De toute façon, il n’y avait guère meilleure façon de mettre mal à l’aise les panafricanistes qui reprochent à cette organisation sous-régionale d’être une arrière-cour de la France. En promettant en effet la rupture qui sonnait dans toutes les têtes comme une révolution contre la France, de nombreux africains attendaient que le Sénégal rejoigne les Etats du Sahel et qu’il enjoigne, dans la foulée, à l’armée française de quitter le pays comme l’ont fait les trois Etats qui accusent Paris d’avoir instrumentalisé le terrorisme pour conserver son ancien pré-carré. Au demeurant, le fait que la France ait d’abord choisi le bras-de-fer avant d’accepter de partir, pas très loin d’ailleurs, selon les autorités nigériennes qui accusent le Bénin voisin d’abriter des bases militaires françaises se préparant à des attaques contre elles, confirme quelque peu l’accusation des nouvelles autorités sahéliennes.

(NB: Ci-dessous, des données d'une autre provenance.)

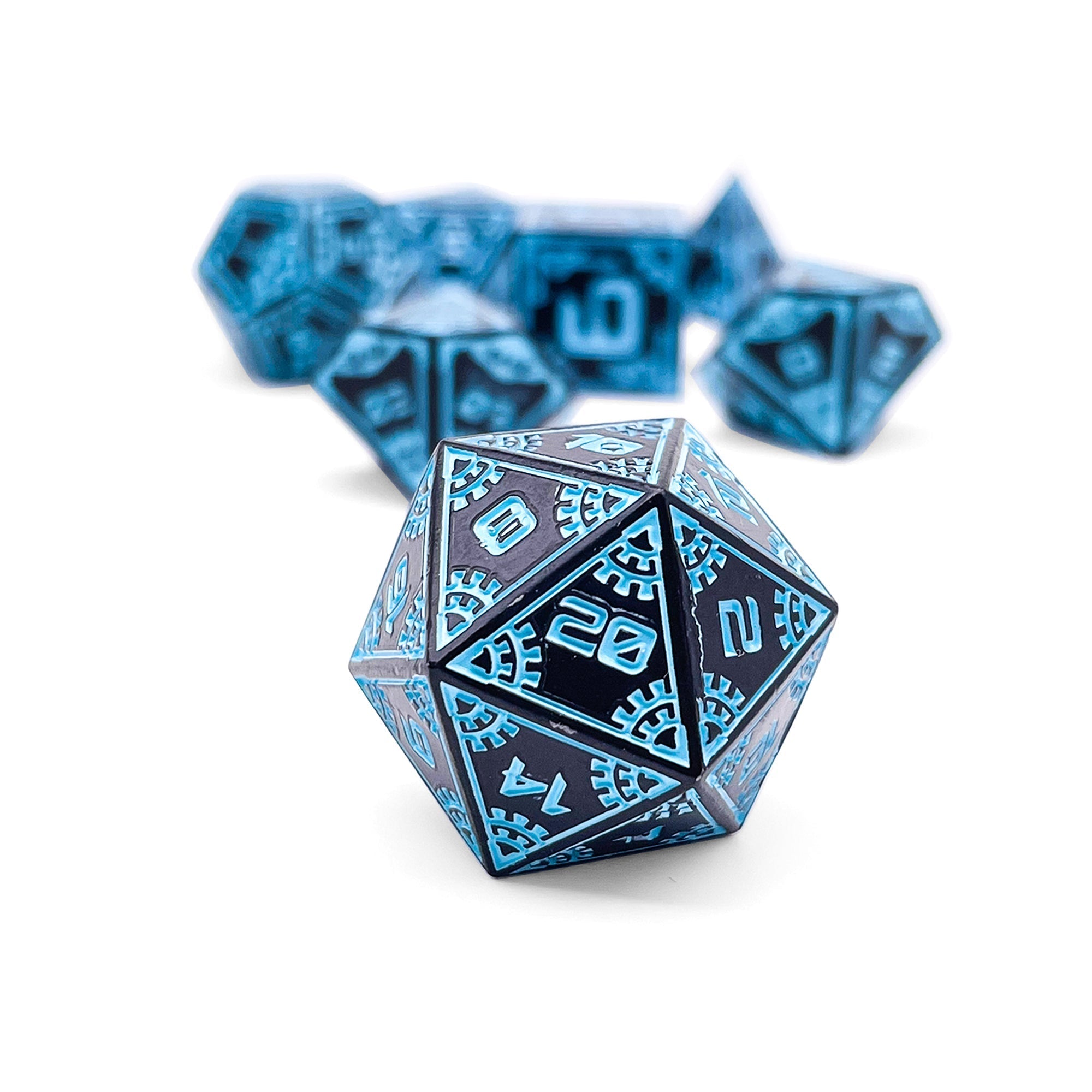 Force Field - Space Dice 7 Piece RPG Set Alloy Metal Dice-Metal - Zinc Alloy Dice-Norse Foundry-Dungeons and Dragons-D&D Dice-D20-Metal Dice Set-DND-D&D Metal Dice Set-Perfect for Tabletop RPGs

Les impatiences sénégalaises
Pourtant, le président sénégalais n’a pas l’air d’être particulièrement gêné par les critiques. Celles-ci se superposent néanmoins aux impatiences sénégalaises. La cherté de la vie qui a probablement connu un début de solution à la veille de la Tabaski est un chantier d’autant plus important que la guerre du poisson est à venir. L’Union européenne n’entend visiblement pas se laisser dicter une nouvelle conduite après la désignation des 151 navires qui sont désormais autorisés à voguer dans les eaux sénégalaises. Avec ce « coup de force » des nouvelles autorités, occidentaux et chinois qui se livraient aux activités de pêche sous faux drapeau sont mis à l’étroit au grand désarroi de l’Union européenne qui tient au maintien de ses acquis et menace déjà de refuser tout nouvel accord.

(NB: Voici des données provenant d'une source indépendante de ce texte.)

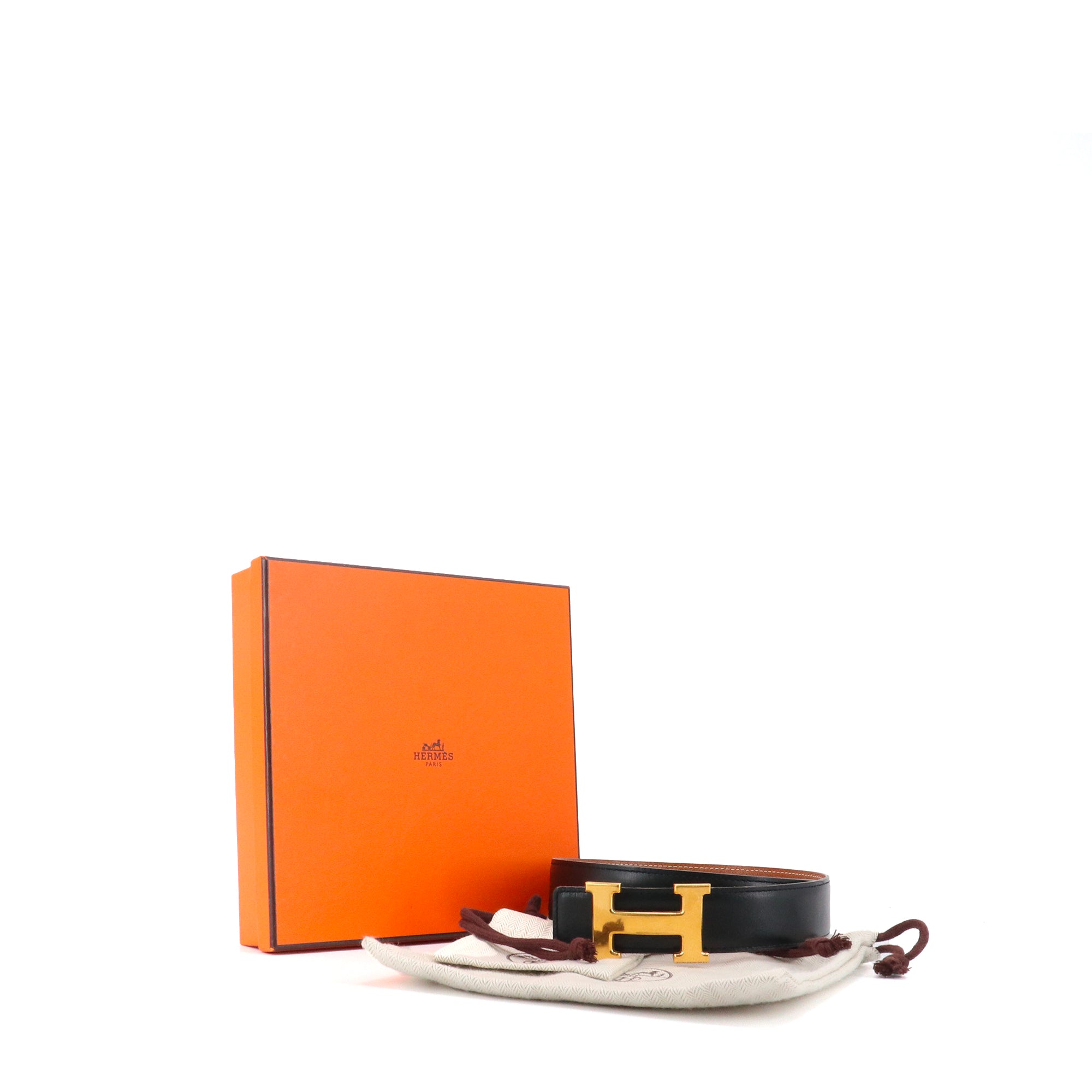 HERMÈS - Hermès reversible H belt in black and gold leather (T70)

En attendant, le président sénégalais enchaîne les réunions avec les partenaires occidentaux. Le patron de l’Agence française de développement (AFD), Rémy Rioux, a rencontré le 22 juin dernier, Bassirou Diomaye Faye à Paris. Il a promis de « réaligner la coopération avec les nouvelles autorités selon les lignes qui seront fixées bientôt dans le plein respect de la souveraineté du Sénégal », a-t-il dit. Même tonalité chez le responsable de la fondation Bill Gates, M. Christopher J. Elias qui promet également son soutien aux priorités du gouvernement. Le lendemain, le président français Emmanuel Macron a eu une séance de travail avec son homologue sénégalais au sortir d’un déjeuner à l’Elysée. Les deux hommes ont promis à cette occasion de « donner une nouvelle impulsion au partenariat bilatéral » dans lequel les deux pays sont engagés depuis des décennies.

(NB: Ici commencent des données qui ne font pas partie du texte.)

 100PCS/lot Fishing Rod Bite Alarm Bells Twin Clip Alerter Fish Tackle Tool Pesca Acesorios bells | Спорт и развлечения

Mais toute cette diplomatie du nouveau président qui n’a encore rien donné de tangible, notamment sur les questions qui doivent faire l’objet de rupture, agace déjà les panafricains. Qui, en seulement trois mois bientôt de gouvernance, ont fait du Sénégal le miroir qui reflète le mieux les contradictions panafricanistes sur le continent.